**ASSIGNMENT**
Please write out exactly the lines from the one with "8 Possessive Adjectives" through the end of the data below, both ends included, and omit any pictures.

-- RAW DATA follows --

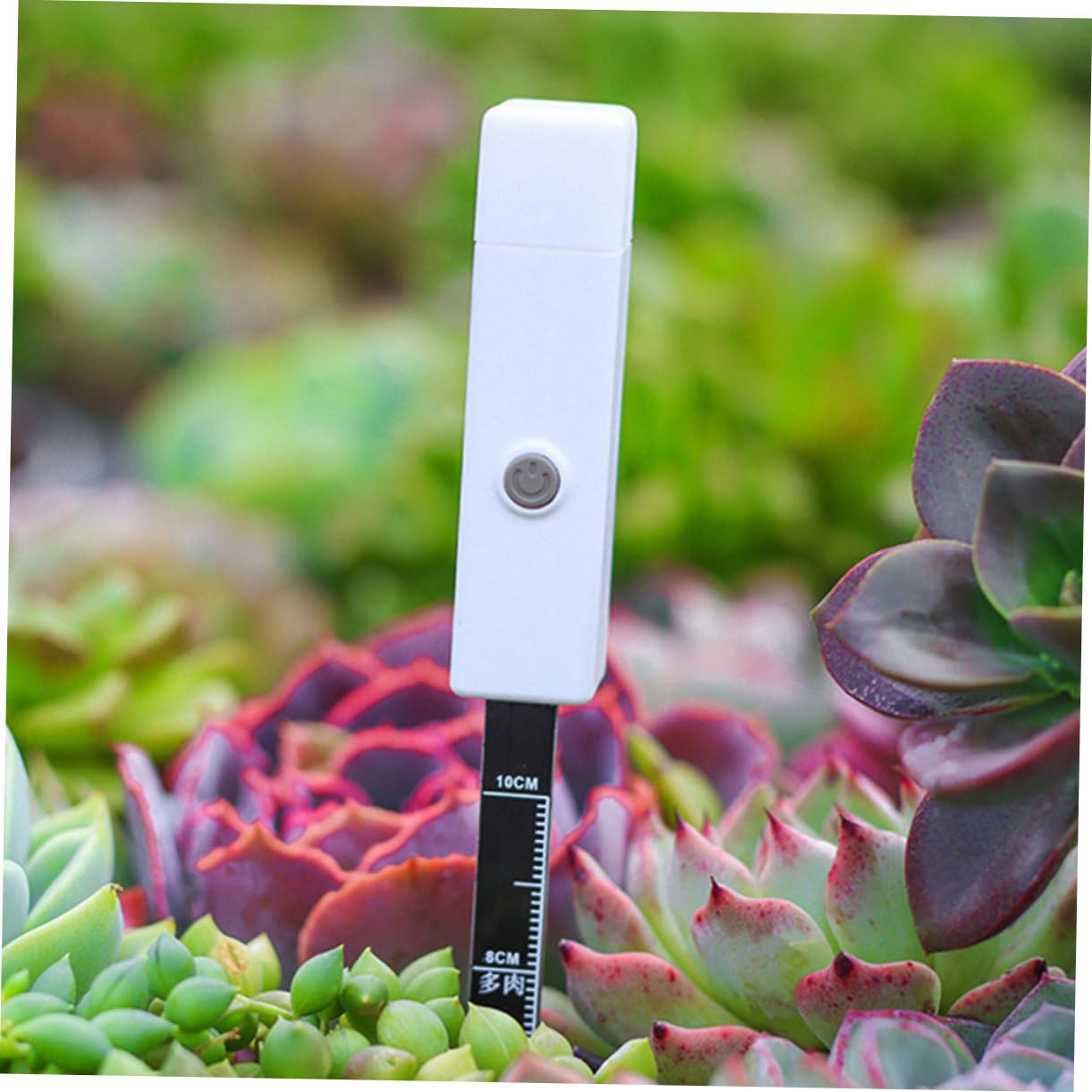 BESPORTBLE 3 Pièces Détection De L'humidité du Sol Usine Mètre Médite De Jardin Capteur pour Numérique Compteur De Sol Détecteur D'humidité Testeur De Sol De Jardinage Le Fer Blanche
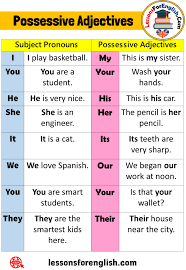 8 Possessive Adjectives And Example Sentences Subject Pronouns Possessive Adjectives I Play Basketball My This Is Possessive Adjectives Adjectives Possessives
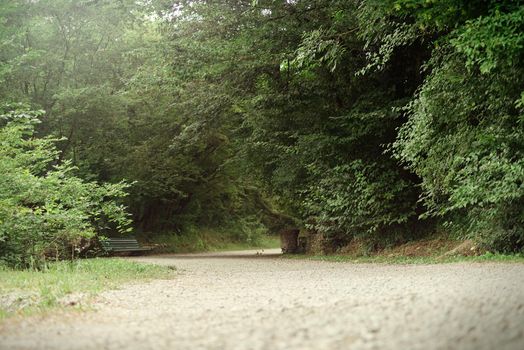 Green forest full of trees with a lonely bench on a background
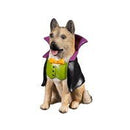 Dog in Halloween Costume Resin Table Decor - Flagladyusa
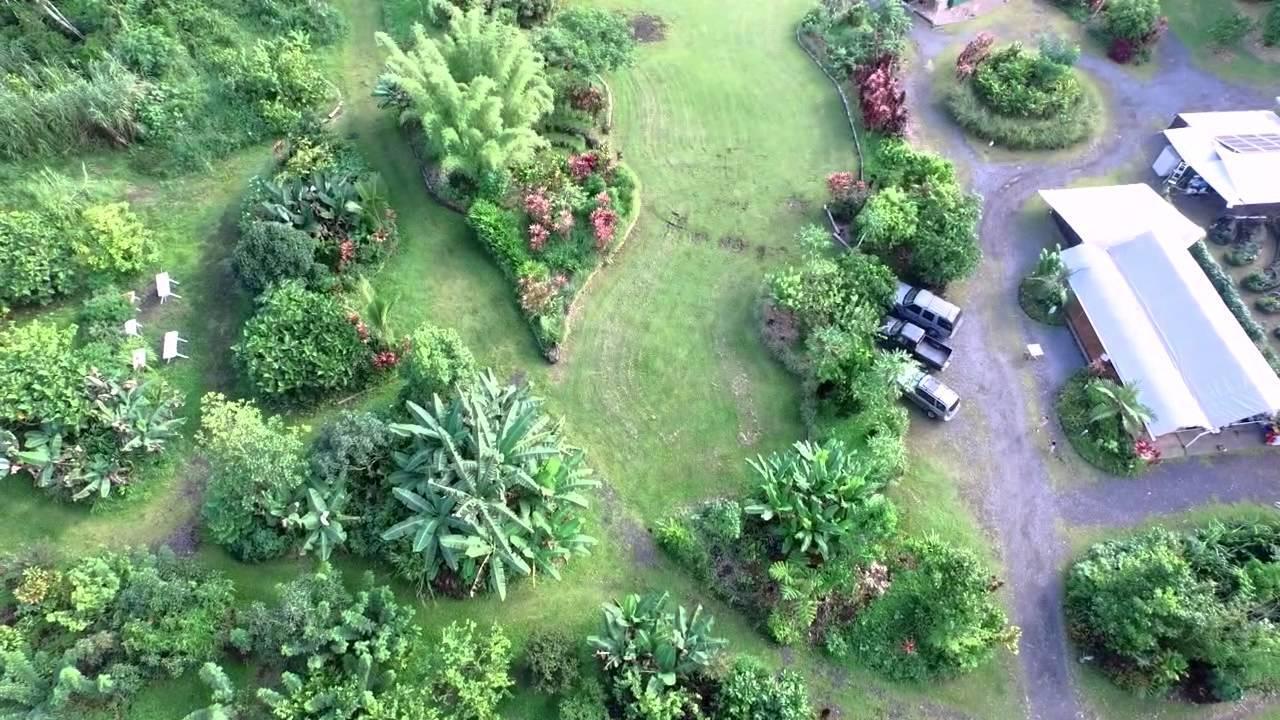 Hawaiian Sanctuary Eco Retreat Center Villa Pahoa Екстериор снимка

-- RAW DATA concluded --

**EXPECTED ANSWER**
 8 Possessive Adjectives And Example Sentences Subject Pronouns Possessive Adjectives I Play Basketball My This Is Possessive Adjectives Adjectives Possessives
 Green forest full of trees with a lonely bench on a background
 Dog in Halloween Costume Resin Table Decor - Flagladyusa
 Hawaiian Sanctuary Eco Retreat Center Villa Pahoa Екстериор снимка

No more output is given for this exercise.